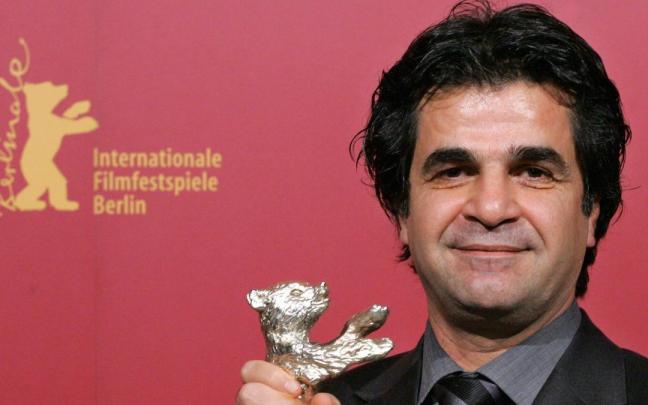 El director de cine iran&iacute; Jafar Panahi tras ganar el Oso de Oro en la Berlinale de 2015.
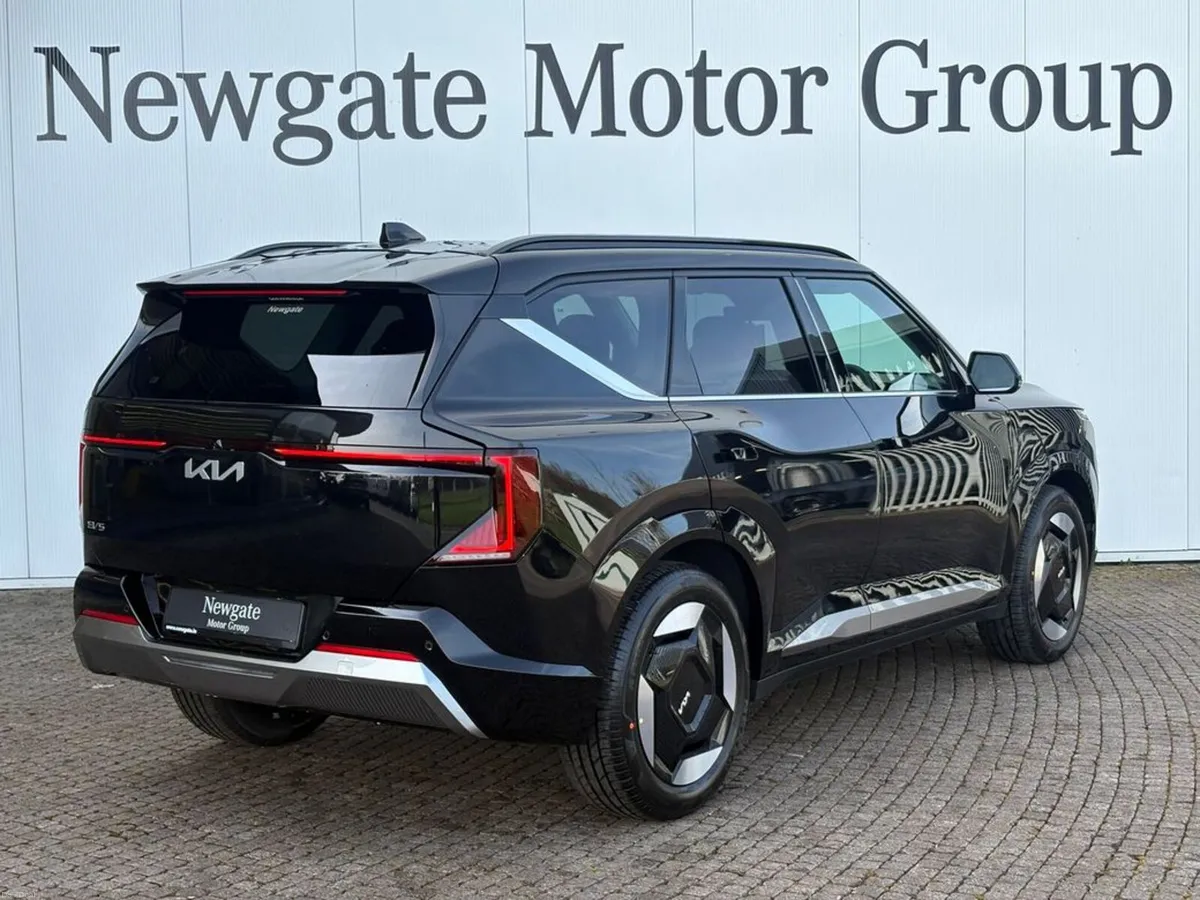 Kia EV5 EARTH 3 Long Range - Image 5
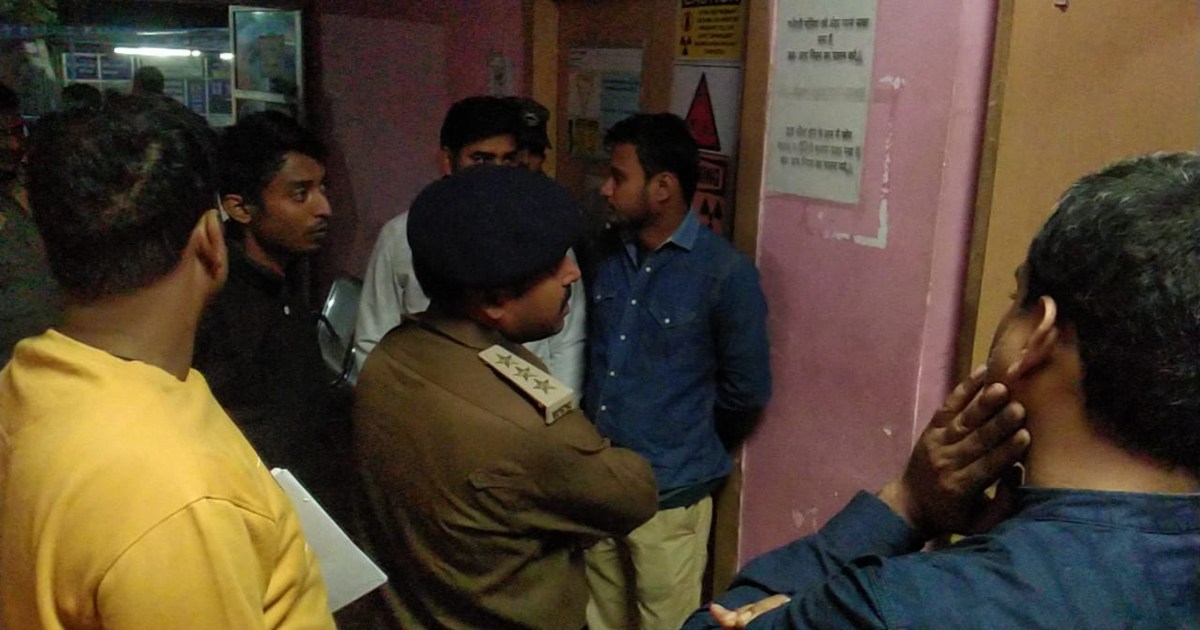 Liquor party at Kaimur Sadar Hospital, action taken as soon 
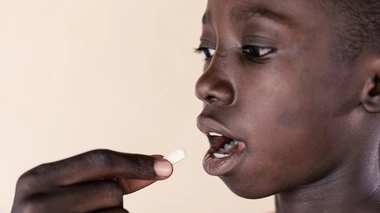 Un enfant prenant un comprimé (photo d'illustration)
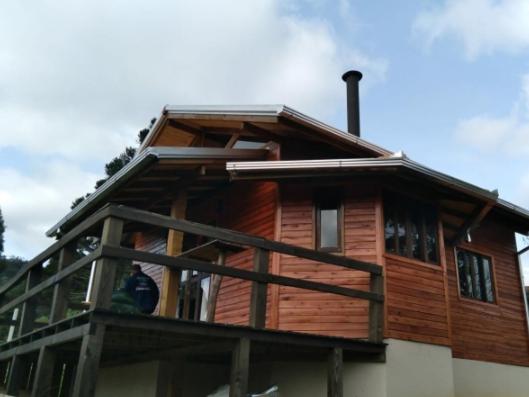 Cabanas rota da neve في أوروبيسي: منزل خشبي فوقه سقف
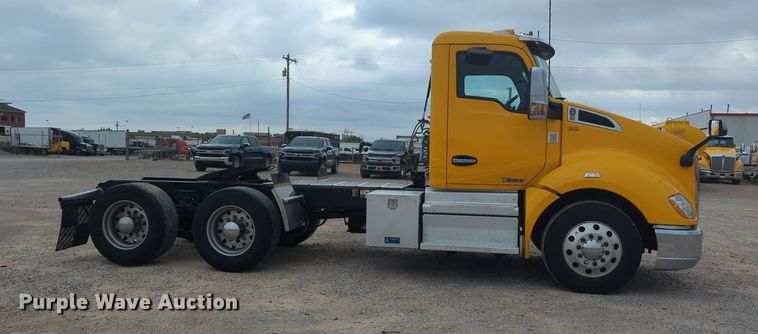 image for item MX9530 2020 Kenworth T680  semi truck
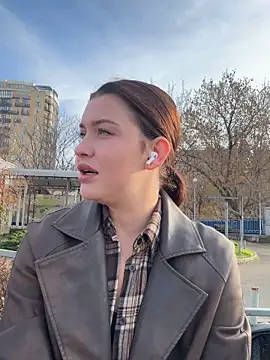 KikiWatson online show from 21, 11, 2025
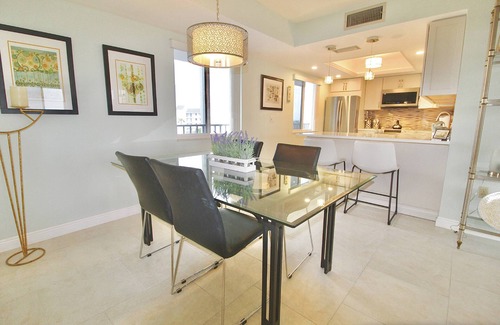 Fort Pierce Condo | Beautifully Renovated Condo - Golf Course Enclosed Balcony View - Oceanfront Community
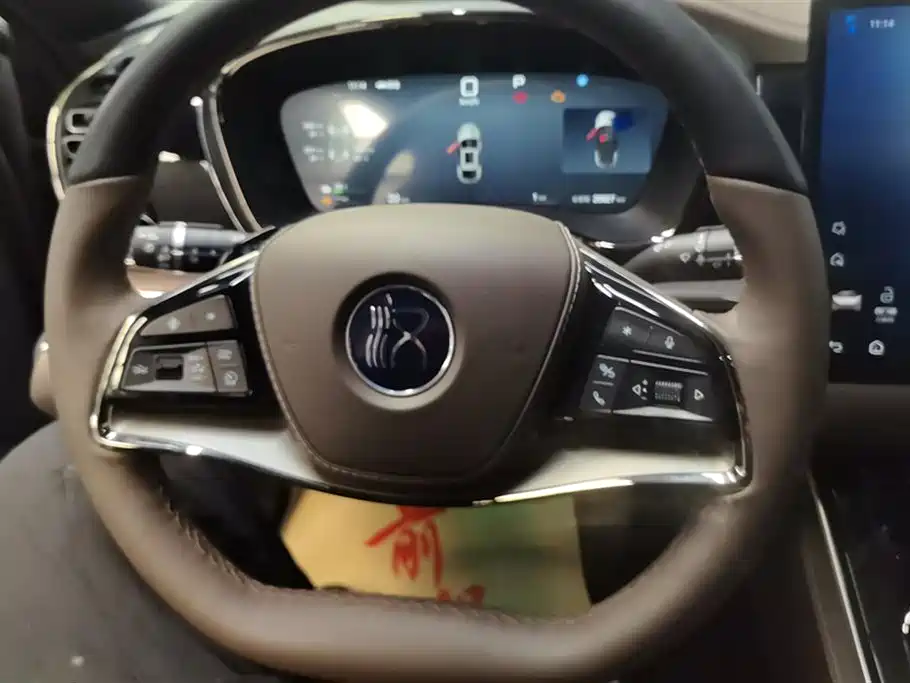 BYD Han 2025 DM-i Smart Driving Edition 125KM Honor фото 15
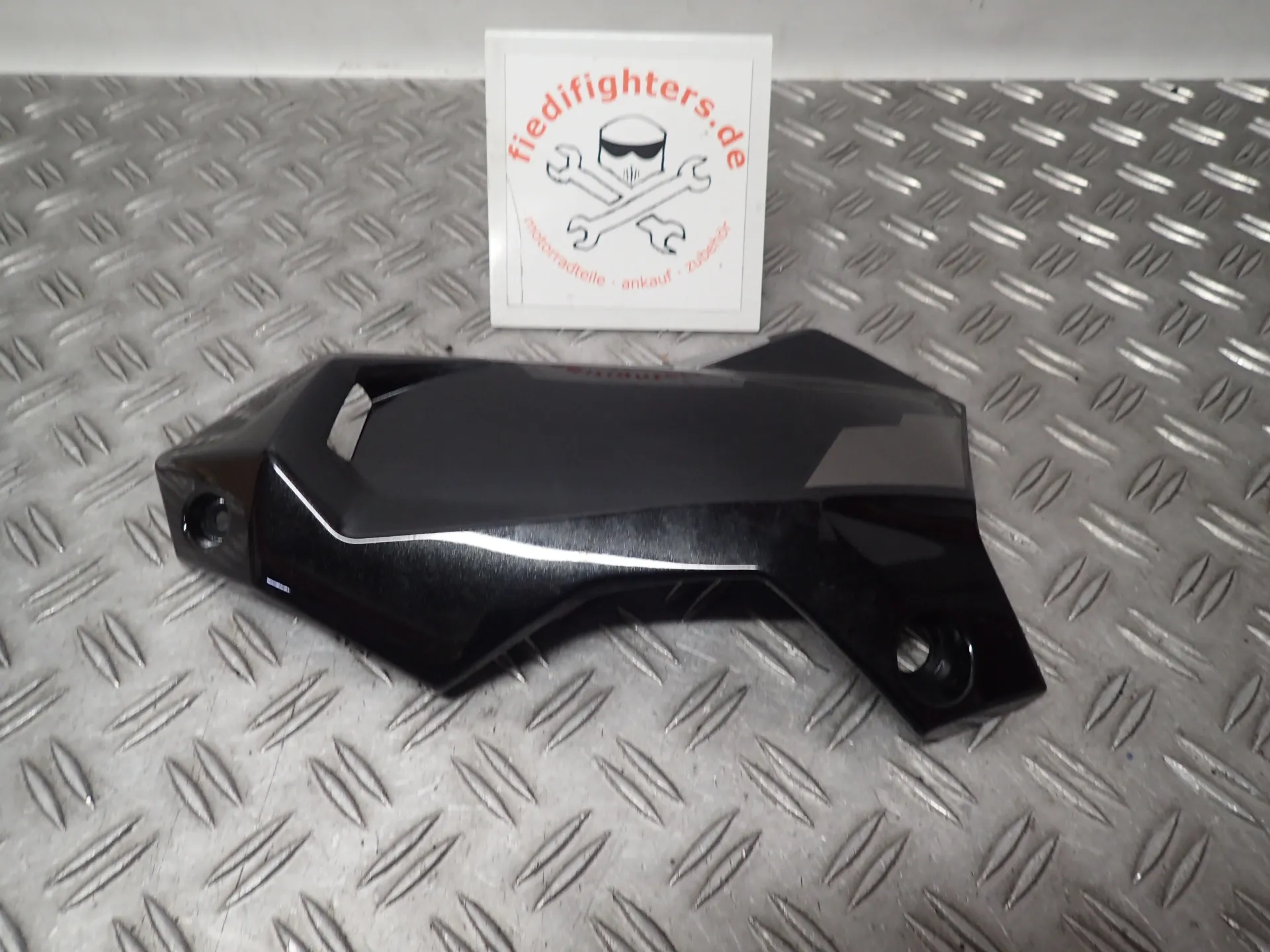 Verkleidung Öwanne Bugverkleidung links Kawasaki Z900 ZR900F Ez22 1982km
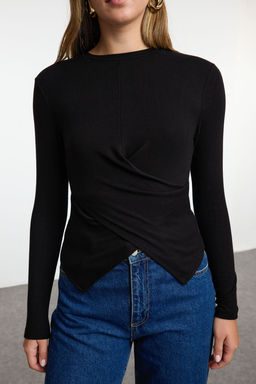 Trendyolmilla Siyah Kruvaze Buzgu/Drape Detayl? Slim/Vucuda Oturan Orme Bluz TWOAW25BZ00216  фото 2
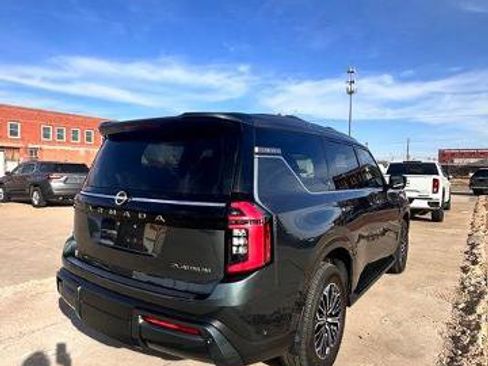 Certified 2025 Nissan Armada Platinum image 8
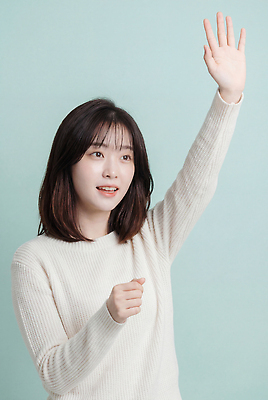 JPG 편집이미지 여자 모션 한명 웃음 사람 표현 인사 스웨터 소통 의료성형뷰티 편집실사 AI인물포토 AI콘텐츠 1 컨셉 상의 표정 예절 CG 파일형식 AI포토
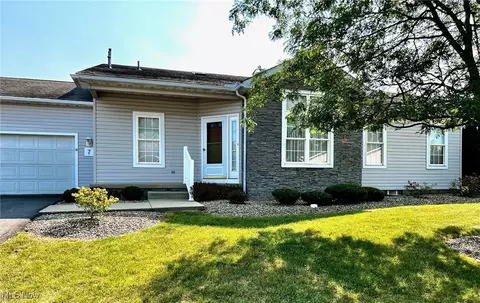 7 Turnberry Ln, Warren, OH 44481
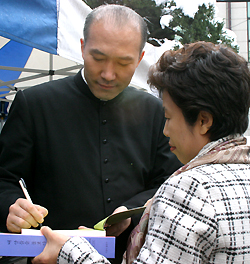 서울 잠실7동본당 주임 이기양 신부    강론집 ‘내양들을 돌보아라’ 출간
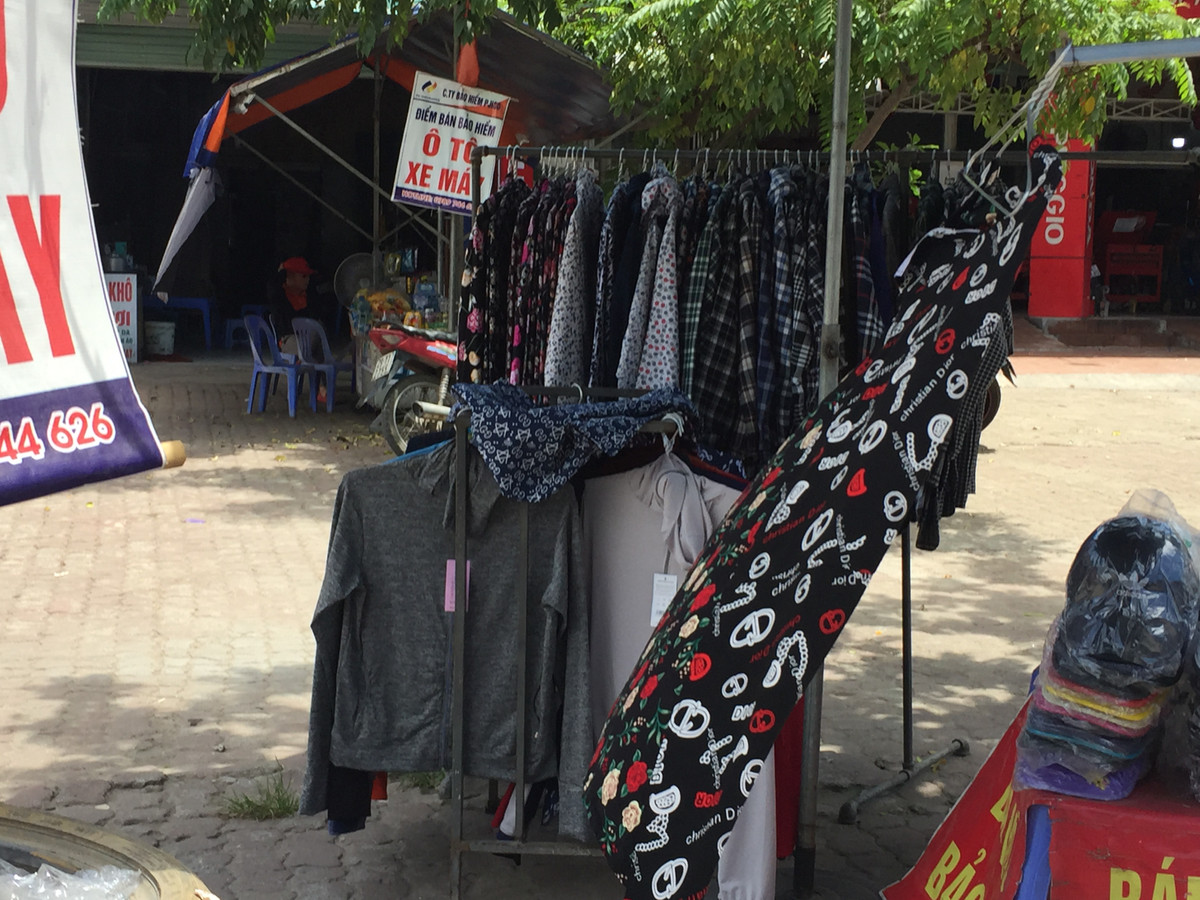 Một gian hàng bán áo chống nắng giá rẻ khác tại vỉa hè đường Nguyễn Xiển. (Ảnh: Hồng Anh)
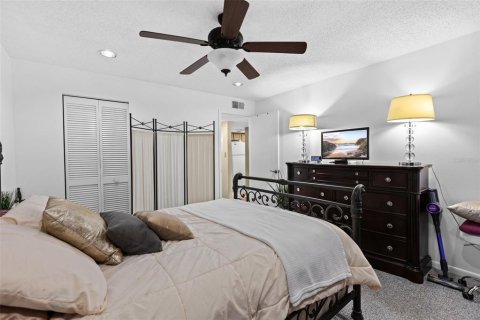 Condo in Tampa, Florida, 1 bedroom  № 1391444 - photo 22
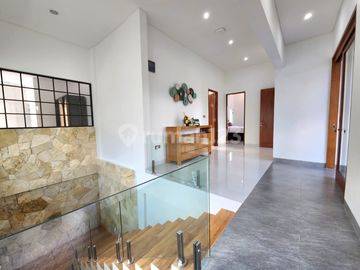 Villa Strategis Middle East Kerobokan Seminyak Bali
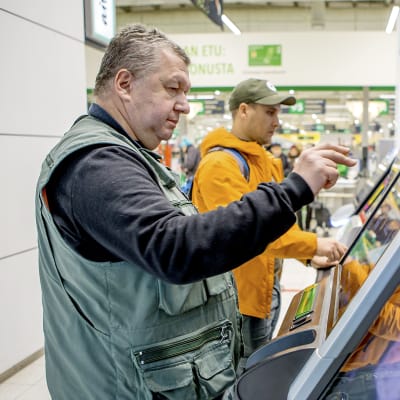 Aleksander Porjadin pelaa peliautomaatilla.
..............................
### WHAT IS REQUIRED
Restate, word for word, each line from the one with "BYD Han 2025" to the end of the entries, both included, and keep every picture out.

### TASK RESPONSE
 BYD Han 2025 DM-i Smart Driving Edition 125KM Honor фото 15
 Verkleidung Öwanne Bugverkleidung links Kawasaki Z900 ZR900F Ez22 1982km
 Trendyolmilla Siyah Kruvaze Buzgu/Drape Detayl? Slim/Vucuda Oturan Orme Bluz TWOAW25BZ00216  фото 2
 Certified 2025 Nissan Armada Platinum image 8
 JPG 편집이미지 여자 모션 한명 웃음 사람 표현 인사 스웨터 소통 의료성형뷰티 편집실사 AI인물포토 AI콘텐츠 1 컨셉 상의 표정 예절 CG 파일형식 AI포토
 7 Turnberry Ln, Warren, OH 44481
 서울 잠실7동본당 주임 이기양 신부    강론집 ‘내양들을 돌보아라’ 출간
 Một gian hàng bán áo chống nắng giá rẻ khác tại vỉa hè đường Nguyễn Xiển. (Ảnh: Hồng Anh)
 Condo in Tampa, Florida, 1 bedroom  № 1391444 - photo 22
 Villa Strategis Middle East Kerobokan Seminyak Bali
 Aleksander Porjadin pelaa peliautomaatilla.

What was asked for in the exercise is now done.